9 thoughts on “Married Couple’s Tax Allowance: Let’s talk about sexism

    1. Unfortunately it is born out by the data in some instances, although Sarah misses out tobacco. Women are actually much more likely to spend the money on the kids as well as themselves and things which benefit the whole family.

      (Most recent that I can think of is in central America looking at evaluating some of the transfer programmes there, but it also happens in older European data – you could argue that we’ve moved to a more equal state of affairs since then but I haven’t seen data either way on that).

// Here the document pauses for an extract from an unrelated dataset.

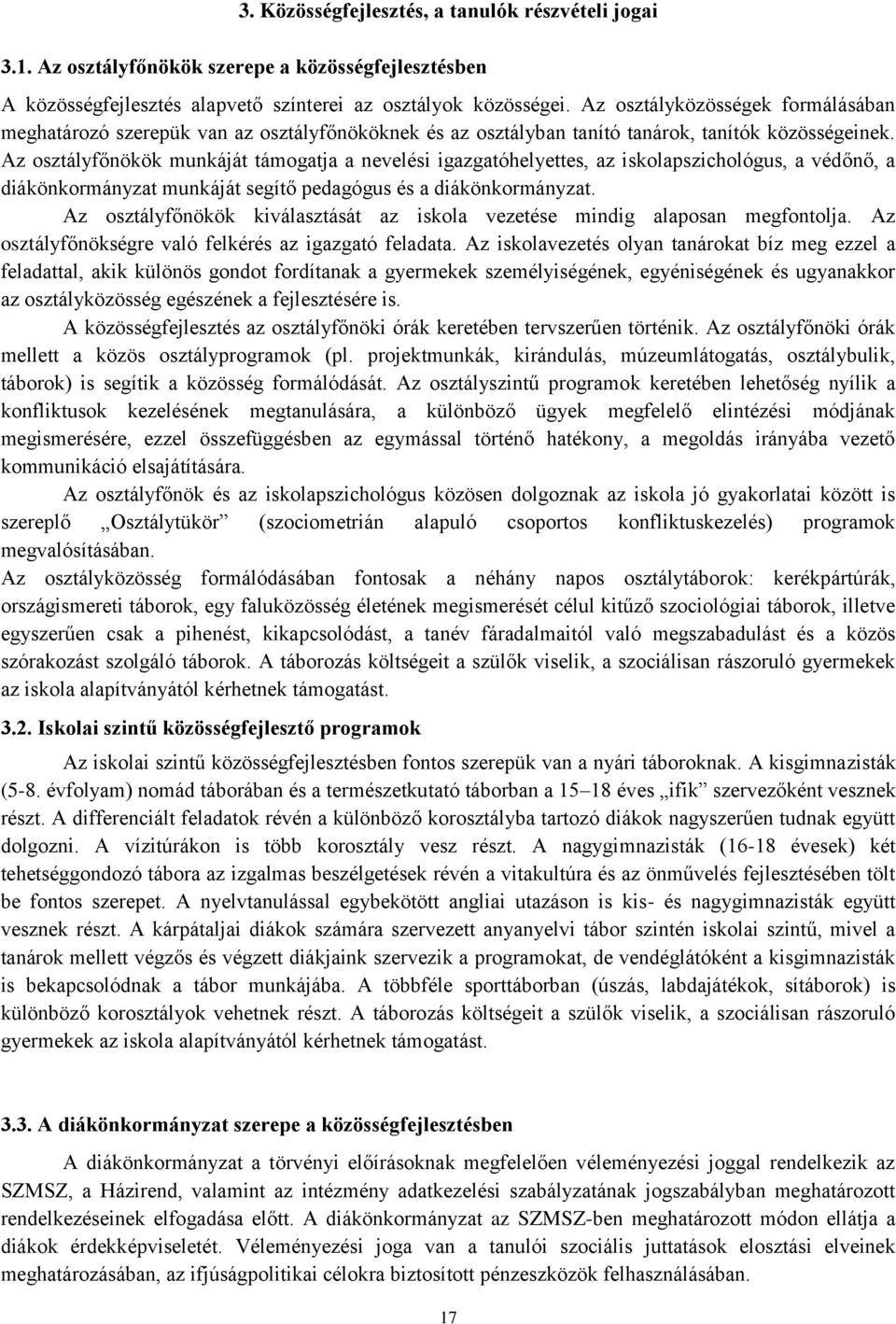 Az osztályfőnökök munkáját támogatja a nevelési igazgatóhelyettes, az iskolapszichológus, a védőnő, a diákönkormányzat munkáját segítő pedagógus és a diákönkormányzat.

      1. Hi Geeky. I think you need to be careful about such ‘data’ and how it is used. The fact that a person purchases something (because that is the division of responsibility within a family) does not equate to that person being more child-focused in their spending. Neither should we ignore the fact that most of these studies are funded and researched by standpoint academics whose purpose is to transfer money ‘from the wallet to the purse’. Financial independence was a key aim of second wave feminists and it spawned a huge academic industry to support it. Women’s financial independence is a perfectly laudable aim, but to justify it by suggesting that fathers spend money on themselves and not there family, is shameful. Let’s not forget that British men work some of the longest hours in the industrial world and that is spent across the family. As someone who works very closely with families and works on policy around families, I find Sarah Ditum’s comments as juvenile as I would someone who claimed that women spend all the household income on bingo, vodka and make up. It’s just silly.

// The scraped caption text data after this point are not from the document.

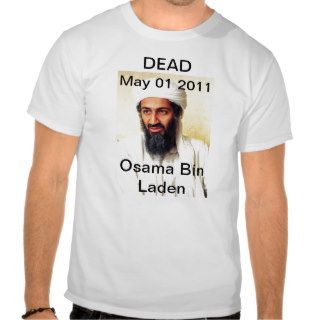 Osama Bin Laden DEAD May 01 2011 T Shirts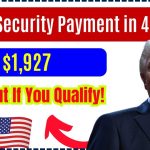 $1,927 Social Security Payment in 48 Hours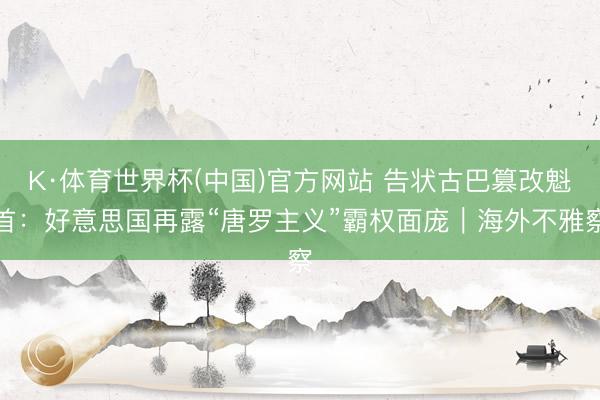 K·体育世界杯(中国)官方网站 告状古巴篡改魁首：好意思国再露“唐罗主义”霸权面庞｜海外不雅察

        1. I’m not talking about individual spending on certain items, on which I take your point, but changes in household spending depending on who is receiving the money. There are several economic models which look at household decision making over types of work (paid, unpaid in the home) and consumption/purchases. One idea is the “unitary model” in which it doesn’t matter who brings in the money, the household makes a decision effectively as a single unit based on the income available. However other models of all varieties place importance on who brings in that money. Time and again empirical research has refuted the unitary model, and a common way of doing this is by looking at cash transfers to women. Sometimes these are new benefits for the family, sometimes (like for UK child benefit) you’re looking at a change in allocation from father to mother. Many of these instances find not only that consumption patterns are affected by who receives these transfers, but also that spending on children increases if mothers receive the transfers.

  1. “husbands being rewarded for having wives who don’t earn — rankles” << This. Davey-babes wants to go back to the 50s. Such a sunny time for women. Frightening.

    1. What is the *deal* with politicians right now?? Here in the U.S. most of them appear to be trying their very, very hardest to head back to the ’50s. It’s an awfully scary time!